Description of problem: oc debug node/<node-name> does not start a remote shell. it hangs for a while before reporting an error. looking at the pod it created you can see it tries to pull an image that's not for s390x. Failed to pull image "registry.redhat.io/rhel7/support-tools": rpc error: code = Unknown desc = no image found in manifest list for architecture s390x, OS linux Version-Release number of selected component (if applicable): # oc version Client Version: openshift-clients-4.2.2-201910250432-12-g72076900 Server Version: 4.2.12-s390x Kubernetes Version: v1.14.6+32dc4a0
We will need to mention in the documentation that s390x users need to specify the RHEL 8 support-tools image. oc debug --image=registry.redhat.io/rhel8/support-tools
this works for me
Also reported in https://bugzilla.redhat.com/show_bug.cgi?id=1777030. Let's use this one though, since it has more information.
*** Bug 1777030 has been marked as a duplicate of this bug. ***
*** Bug 1777031 has been marked as a duplicate of this bug. ***
*** Bug 1778807 has been marked as a duplicate of this bug. ***
https://access.redhat.com/containers/#/registry.access.redhat.com/rhel7/support-tools now reports that it supports AMD64, ppc64le, and s390x.

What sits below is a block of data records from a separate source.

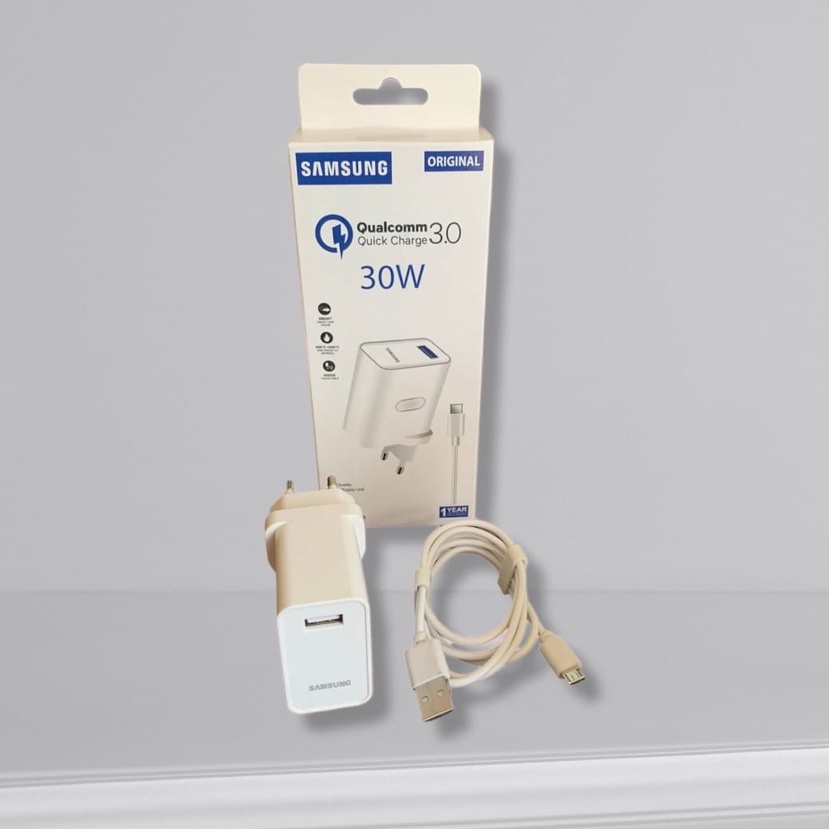 TRAVEL CHARGER / TC SAMSUNG BRANDED W80 QUICK CHARGE 30W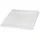 Wisefood Einwegteller quadratisch 26 cm weiß 100er Set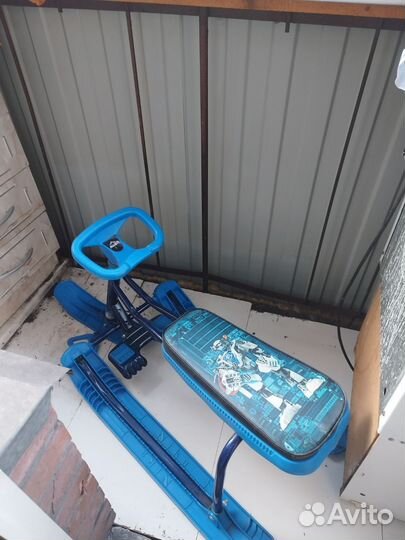 Детский снегокат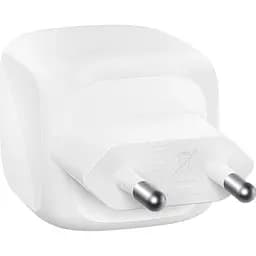 Мережевий зарядний пристрій Belkin Boost Up Charge Pro Dual USB-C GaN 50W White + Cable USB-C - USB-C (WCH019KQ1MWH-B6) [158913] - мініатюра 4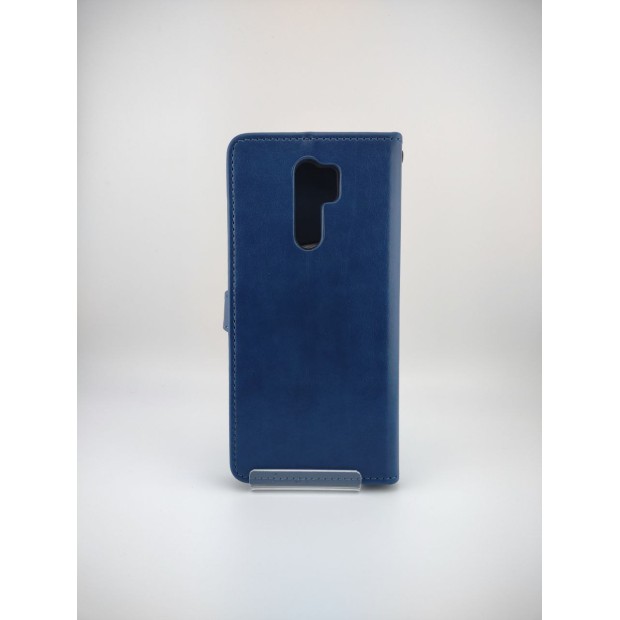 Чохол-книжка Leather Book Gallant для Xiaomi Redmi 9 (Синій)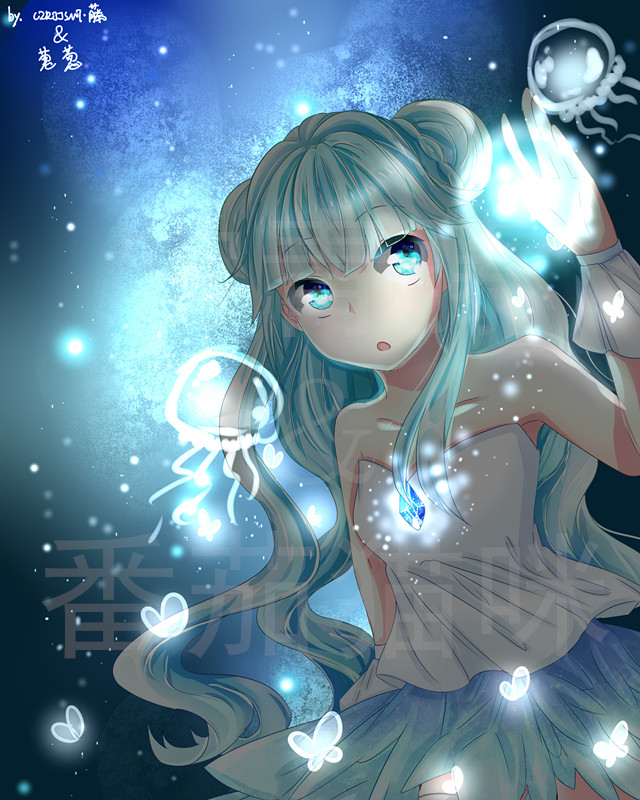 常青藤奥比岛板绘秀作品——水颜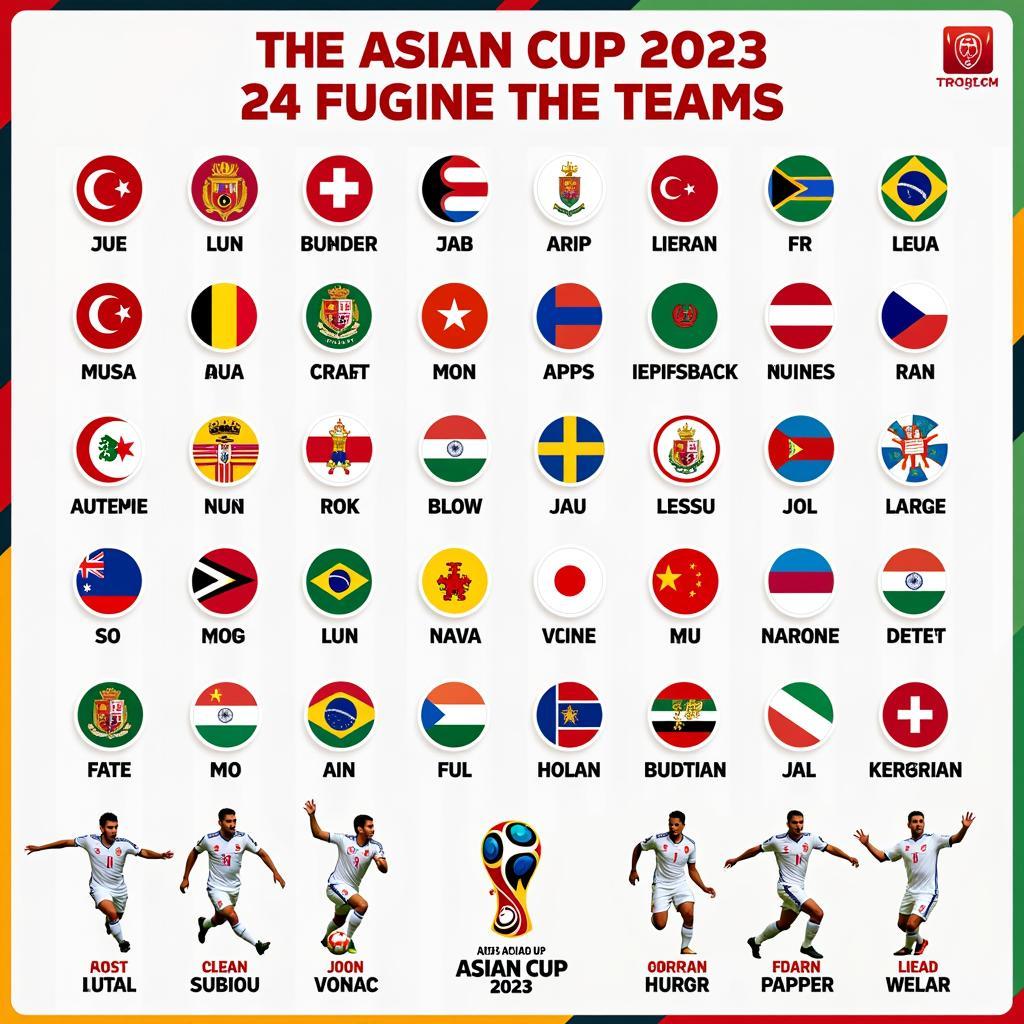 Lịch Trực Tiếp Asian Cup 2023: Cập Nhật Mới Nhất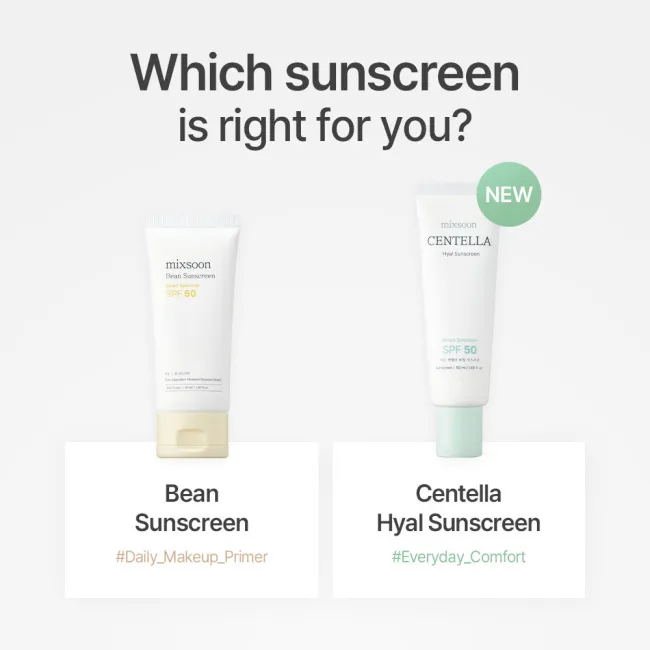 mixsoon Centella Hyal Sunscreen 50ml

I tested oc debug node/<node-name> on four different clusters. It worked on three out of the four clusters. I noticed that the clusters on which the command worked have version 4.2.16 and the one on which it didn't worked has version 4.2.12. I think different versions should not influence whether the command works or not, as the registry is external. Do you have any idea why the command works three out of four times?

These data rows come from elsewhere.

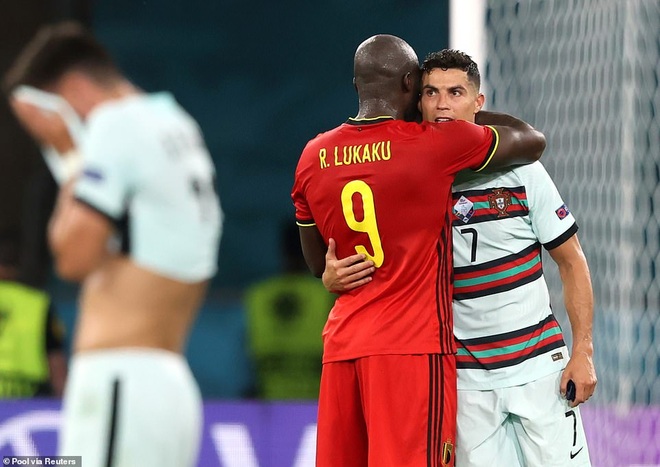 Những khoảnh khắc Bồ Đào Nha cay đắng rời cuộc chơi tại Euro 2020 - 14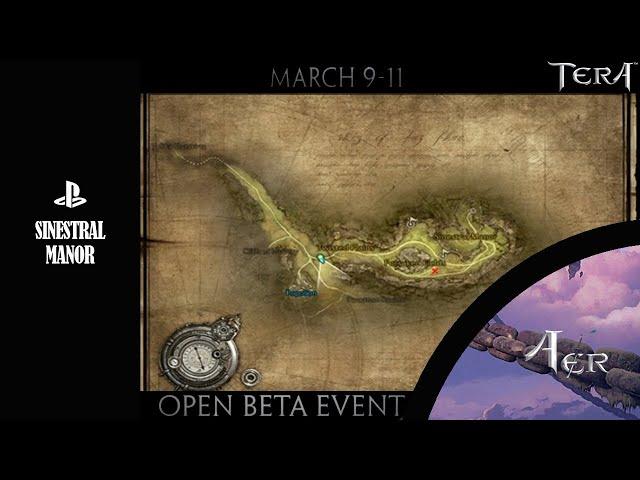 Tera OPEN BETA (PS4) - Sinestral Manor Full Dungeon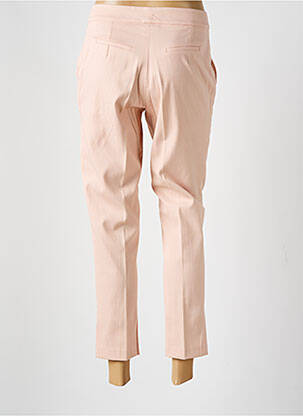 Pantalon 7/8 stretch taille normale rose MERI & ESCA femme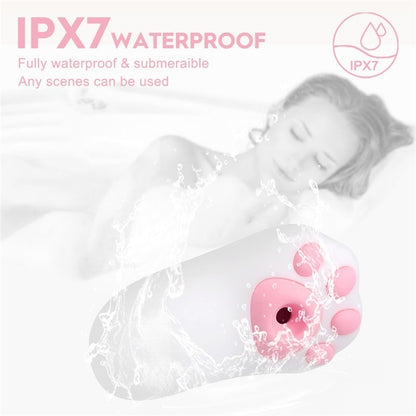 Katze Pfote Saugen Ei Überspringen Weibliche Klitoris Stimulation Vibrationsmassage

(In reply to wvoesch from comment #10) > I tested oc debug node/<node-name> on four different clusters. It worked on > three out of the four clusters. > Not acceptable - please reopen the bug!

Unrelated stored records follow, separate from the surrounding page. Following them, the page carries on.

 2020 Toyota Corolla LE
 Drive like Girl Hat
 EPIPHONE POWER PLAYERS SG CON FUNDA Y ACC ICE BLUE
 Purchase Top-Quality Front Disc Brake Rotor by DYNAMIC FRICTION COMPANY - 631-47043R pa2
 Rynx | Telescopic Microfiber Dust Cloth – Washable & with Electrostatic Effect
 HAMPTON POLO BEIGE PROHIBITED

I tested again and now in general the command works on all four clusters. However this time I got once a different error: # oc debug node/<node-name> Starting pod/<node-name-debug> ... To use host binaries, run `chroot /host` Removing debug pod ... error: unable to create the debug pod "<node-name-debug> " I tried to start the debug container on another node and it worked so I retried it on the node where it didn't work first time. The second time it works: # oc debug node/<node-name> Starting pod/<node-name-debug> ... To use host binaries, run `chroot /host` Pod IP: <pod-ip> If you don't see a command prompt, try pressing enter. sh-4.2#
So it still doesn't work reliably. Can you reopen this bug? For the future: Can you automate this testcase - try all clusters that you have. For each cluster try 100 times.... We probably should keep this in the regression test bucket for a while....
So, the underlying Multi-Arch related issue here was that the container being pulled did not support non-x86_64 architectures. This has been fixed and verified. If you're now hitting an intermittent issue with oc debug node, that is a new issue altogether, since it is not related to the change of the underlying issue that this bug was tracking. If you can reproduce the intermittent issue on your clusters, I suggest you file a new bug with instructions on how to reproduce, so that we can narrow in on the new problem.
As discussed in the bugzapper call - we close this issue as it was resolved and will open a new one as soon we have re-tested if the reliability needs to be improved.